The DUP list, it must be said, is duller and more predictable: lots of worthy non-governmental organization activists. As for the UPP - no alliance here - a number of their names are rumored to be NL types. Be that as it may, the UPP looks unlikely to pick up more than a handful of PR seats.

The DUP has other problems too, including its own equivalent of Saenuri's Lee-Park rivalry. Here the fissure pits old guard followers of the late Kim Dae-jung, mainly from Cholla in the southwest, against supporters of his successor as president, the also late Roh Moo-hyun. The latter currently have the upper hand, to the chagrin of the former - some of whom have set up a splinter party, the Authentic Democrats, which might split the liberal vote in Cholla.

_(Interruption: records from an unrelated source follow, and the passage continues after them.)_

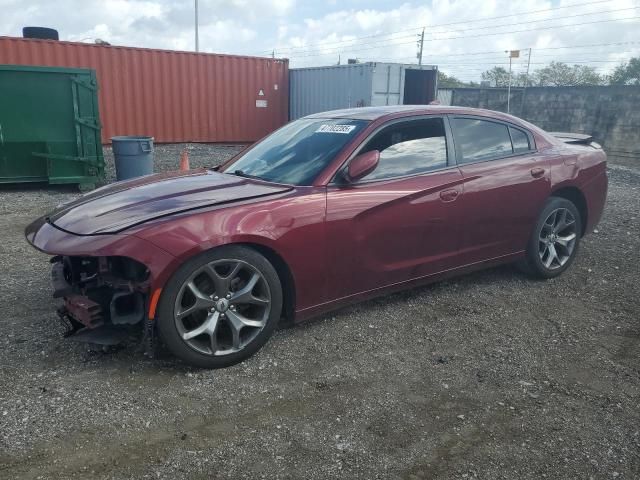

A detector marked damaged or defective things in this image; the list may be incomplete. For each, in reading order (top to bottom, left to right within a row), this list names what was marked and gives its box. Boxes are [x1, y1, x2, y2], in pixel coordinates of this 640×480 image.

damaged red dodge charger [23, 106, 604, 368]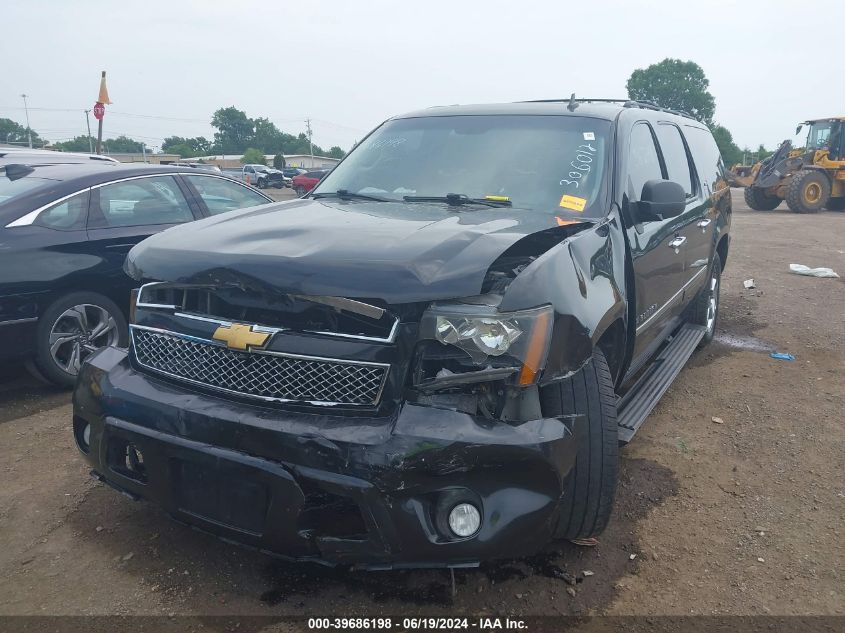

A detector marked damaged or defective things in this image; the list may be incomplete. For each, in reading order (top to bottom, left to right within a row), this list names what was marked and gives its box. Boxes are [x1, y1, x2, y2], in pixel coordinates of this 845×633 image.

crumpled hood [125, 200, 572, 304]
damaged bumper [76, 348, 580, 564]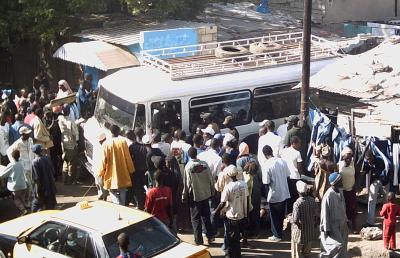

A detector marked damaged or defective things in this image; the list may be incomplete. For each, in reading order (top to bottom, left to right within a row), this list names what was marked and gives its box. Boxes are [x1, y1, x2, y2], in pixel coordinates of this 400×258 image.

rusty metal roof [75, 19, 212, 46]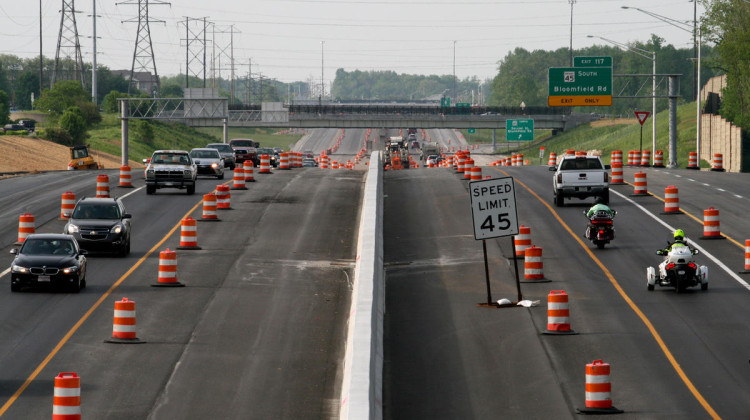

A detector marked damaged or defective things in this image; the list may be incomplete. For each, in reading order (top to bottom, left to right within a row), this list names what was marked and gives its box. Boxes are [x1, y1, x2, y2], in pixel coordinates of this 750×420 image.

white pavement patch [612, 190, 748, 292]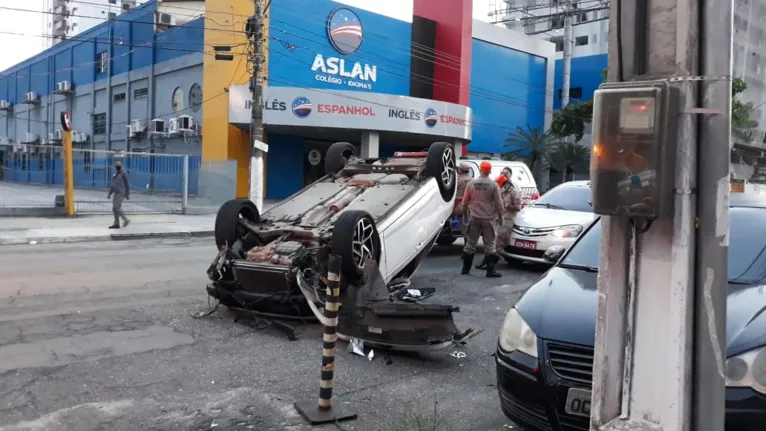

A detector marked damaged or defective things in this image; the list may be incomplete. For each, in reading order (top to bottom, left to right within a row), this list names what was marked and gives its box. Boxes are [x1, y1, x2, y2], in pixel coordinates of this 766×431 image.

shattered car debris [207, 142, 476, 352]
overturned white car [207, 142, 476, 352]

The official campaign period - though in truth it's been going on for months - kicked off on March 29, with 924 candidates competing for 245 seats. As of now the race looks too close to call. Most polls have Saenuri and the DUP neck and neck in the low 20% range, with the lead varying. The DUP was ahead a month ago, but Saenuri has gained ground since.

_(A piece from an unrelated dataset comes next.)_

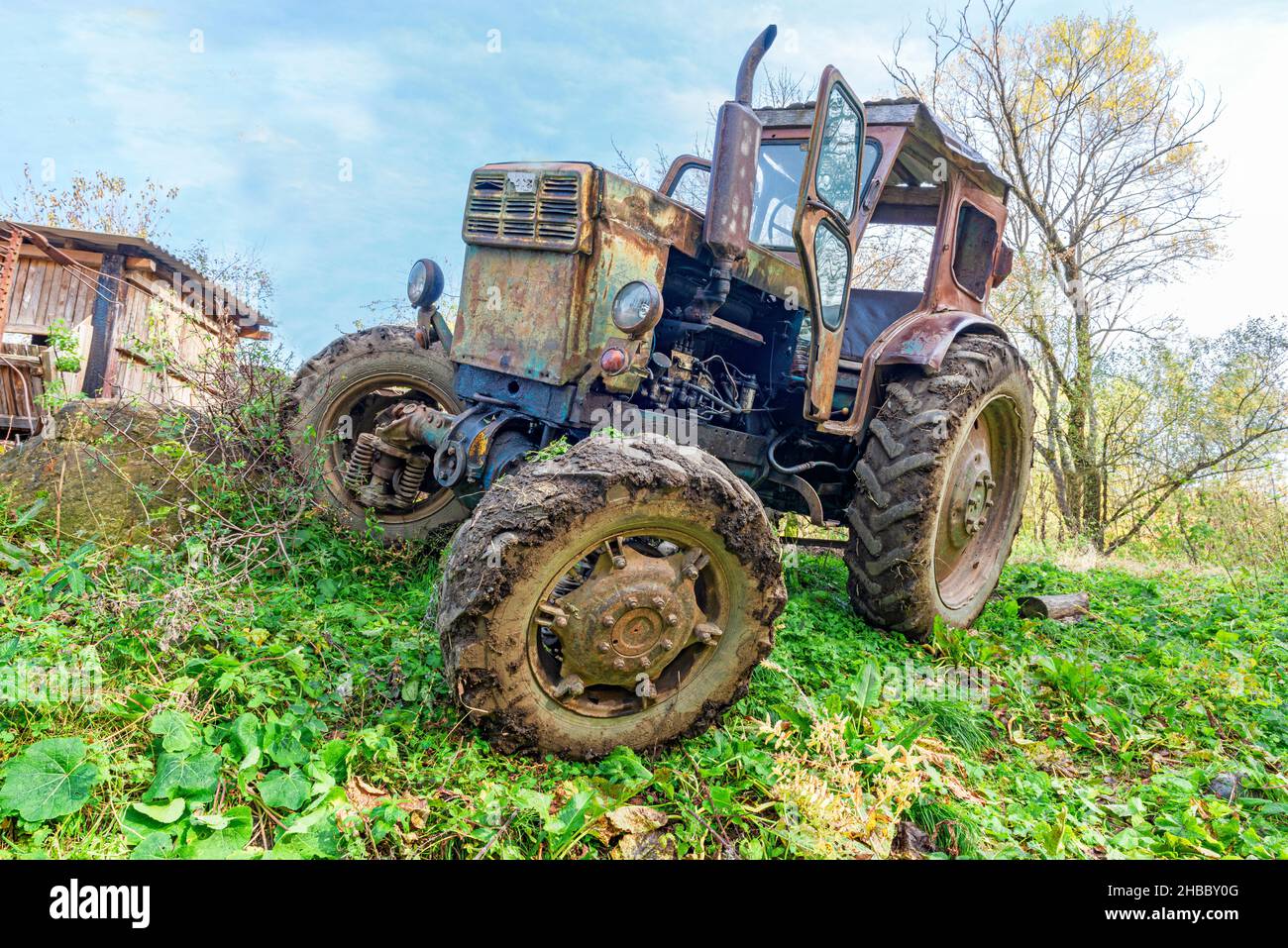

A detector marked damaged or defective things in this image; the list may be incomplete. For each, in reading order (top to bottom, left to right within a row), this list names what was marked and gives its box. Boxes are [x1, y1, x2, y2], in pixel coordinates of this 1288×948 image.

rusty tractor [284, 26, 1035, 757]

Almost half the electorate is undecided, so on the day it's the floaters who'll swing it - and the turnout. Regionally the same applies to Seoul and the surrounding Kyonggi province, who have no fixed loyalties - unlike the southwest (solidly DUP) or the southeast (mainly Saenuri, but Roh Moo-hyun was from there so for once the DUP may make a few inroads).

Pundits suggest that both main parties may end up with about 130 seats. This will make life difficult for President Lee in his final few months, with not only an enlarged DUP trying to thwart and frustrate him but Park Geun-hye perhaps similarly minded: vengeance is sweet.

Almost certainly Saenuri will thus need help to get any legislation passed. They may be able to count on the Liberty Forward Party (LFP), a conservative regional grouping with support in the central Chungchong region, which will probably retain most of its current 14 seats.

But that may not be quite enough. Expect blandishments to the more middle-of-the-road end of the DUP, and perhaps some blatantly opportunist floor-crossing as everyone jockeys to position themselves for the race that really counts: December's presidential election, a whole other ball game and one quite impossible to call at this stage. May the best woman win!

Aidan Foster-Carter is honorary senior research fellow in sociology and modern Korea at Leeds University, and a freelance consultant, writer and broadcaster on Korean affairs. He has visited South Korea some 25 times in the past 30 years, starting in 1982.